The approval significantly expands Nuro’s real-world testing capabilities as the company prepares for commercial robotaxi operations expected to begin later this year.
Since April, Uber employees in the Bay Area have already been able to request rides in Lucid Gravity robotaxis through the Uber app, though those vehicles have operated with safety drivers present. The next phase removes that safeguard during testing, allowing Nuro to evaluate how its autonomous system performs entirely on its own in live traffic conditions.
The Lucid Gravity SUVs are equipped with a combination of high-resolution cameras, radar, and solid-state lidar sensors. The vehicles run on Nuro’s autonomous driving software stack powered by NVIDIA’s Drive AGX Thor computing platform, which processes large amounts of sensor data in real time to navigate traffic, pedestrians, and road conditions.
In practical terms, this permit moves the program from supervised testing closer to genuine autonomous operation.
The broader partnership behind the project has also grown rapidly.
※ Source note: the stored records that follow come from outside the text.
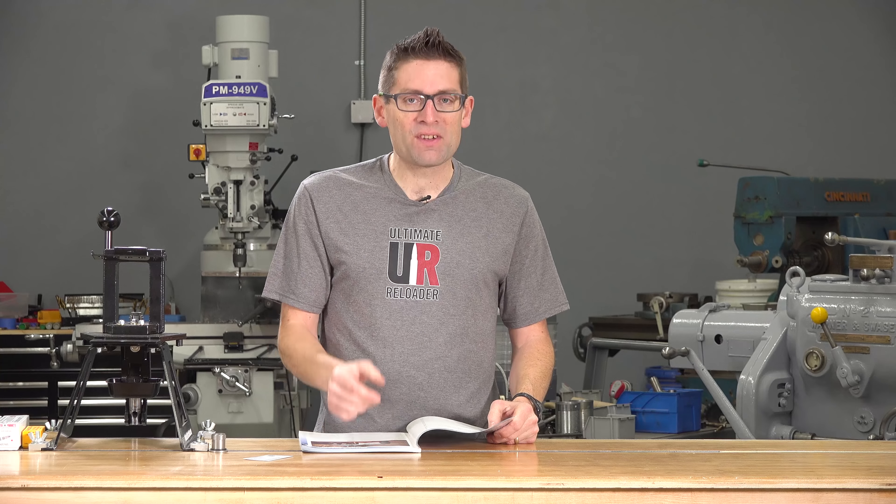Then there's a couple articles on PRS. And if you haven't tried a PRS match, I strongly recommend that you do. It's the Precision Rifle Series. There's a bunch of different stages that you compete in. It's really challenging — you'll be shooting at 200, 400, 800 yards and need to complete a sequence like that in about 90 seconds.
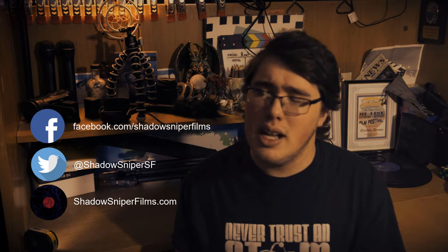Hey guys, Christian from Shadow Saber Films back here again today with another tech review. But before we get into that, if you haven't yet, be sure to check out all of our social media sites as well as our very own website. All the links will be provided down in the description.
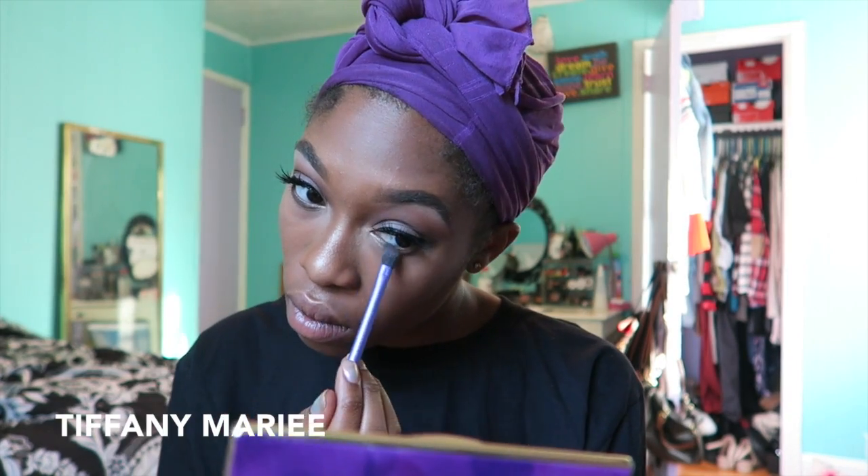For my eyes, I'm going back in with Lear and a little tiny bit of Activist to smoke out my lower lash line. Today I'm going to be using my MAC Cork lip liner and my Colourpop Ultra Satin liquid lipstick in the color Mess Around.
When Nuro, Uber, and Lucid Motors first introduced the robotaxi initiative at CES earlier this year, the agreement involved 20,000 vehicles. Since then, Uber has expanded its investment in Lucid to $500 million and increased the planned fleet size to at least 35,000 autonomous SUVs.
Lucid has already delivered dozens of engineering vehicles to the partnership for testing across multiple US cities.
Still, the new permit does not mean public driverless rides are immediately ready. California’s regulatory system separates autonomous vehicle testing from commercial deployment. Before Uber can begin offering paid rides to the public without safety drivers, Nuro still needs additional approvals from both the DMV and the California Public Utilities Commission.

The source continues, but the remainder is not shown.